Chris Marlin, president of Florida-based Lennar International, which claims to be the US’ largest residential property developer by revenue, said his firm has been unaffected by Beijing’s capital outflow controls.
The company has “only experienced growth in our time dealing with [customers in] mainland China and the Asian region,” said Marlin, declining to give numbers.
Increased scrutiny of inbound deals by US authorities had also had an impact on FDI, the research found. The biggest such deal to fall through was aluminium giant China Zhongwang Holdings’ proposed US$2.3 billion acquisition of Aleris in November after regulators cancelled it over economic and national security concerns.
In terms of FDI flowing the other way, the report argues that China’s commitment to further market reforms is less certain now than it was in the years immediately after the 2013 “third plenum” talks in which the leadership promised a “decisive” role for markets in the economy.

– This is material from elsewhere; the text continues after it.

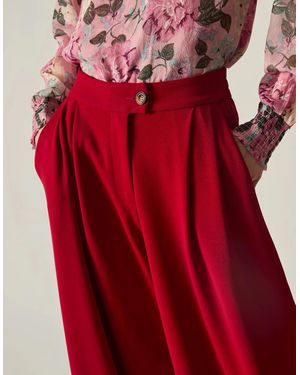 James Lakeland Wide Leg Suit Trousers - Red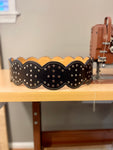 46-52 Black Bridle Leather Scalloped Belt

A perceived lack of progress in implementing change has left potential foreign investors with doubts about Beijing’s seriousness about levelling the playing field for non-native businesses, it said.

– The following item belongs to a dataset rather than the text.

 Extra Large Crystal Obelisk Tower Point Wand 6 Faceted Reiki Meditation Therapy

“To date, even as hundreds of thousands Chinese receive paychecks from US companies, numerous sectors in China remain closed or restricted to foreign investment,” said Stephen Orlins, president of the National Committee on US-China Relations.

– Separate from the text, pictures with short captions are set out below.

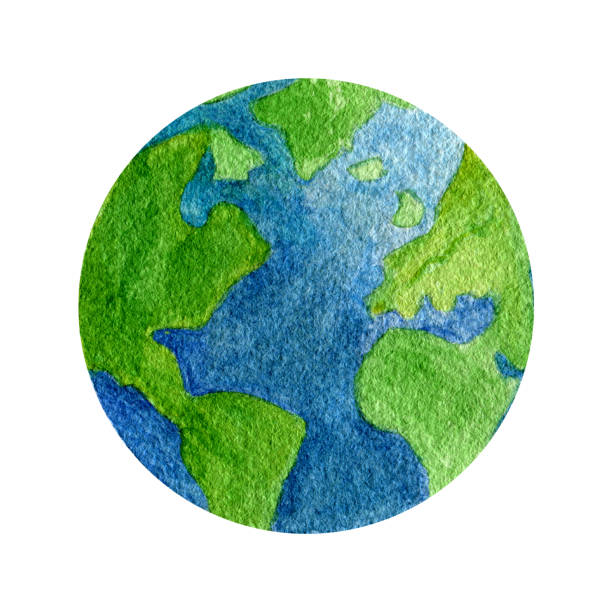 istock The Earth watercolor hand painted. An illustration on a white background. Use it for postcards, invitations and scrapbooking; web; banner; 1394660712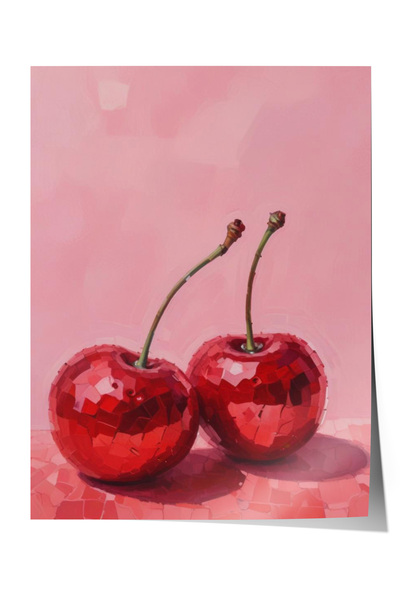 Zestia Poster fără ramă, Ilustrație minimalistă cu cireșe roșii, Poster decor...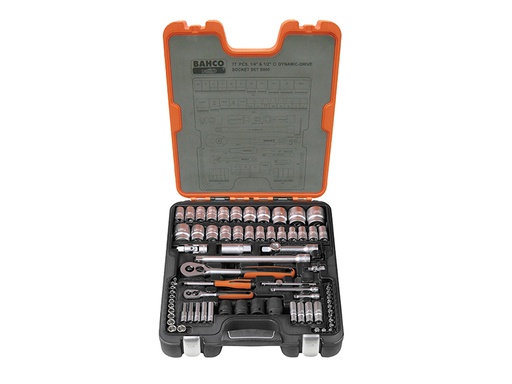 [BAHS800] S800 1/4 & 1/2in Drive Socket Set, 77 Piece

“These restrictions do a disservice to the overwhelming majority of China’s people, as they not only drive up prices but also limit consumer choices. These restrictions contribute to a view in the US that China does not play fair.”
The report’s release coincides with the Boao Forum in the Chinese province of Hainan – known as China’s Davos – at which President Xi Jinping reiterated his commitment to opening markets and easing restrictions on foreign investment.
On Wednesday China’s central bank unveiled a raft of measures to open up the country’s financial sector to foreign investment, including the removal of foreign ownership caps for banks. Other key measures included allowing overseas investors to take a maximum 51 per cent equity stake in brokerage firms, futures companies and fund managers and completely removing caps on foreign equity in these sectors within three years.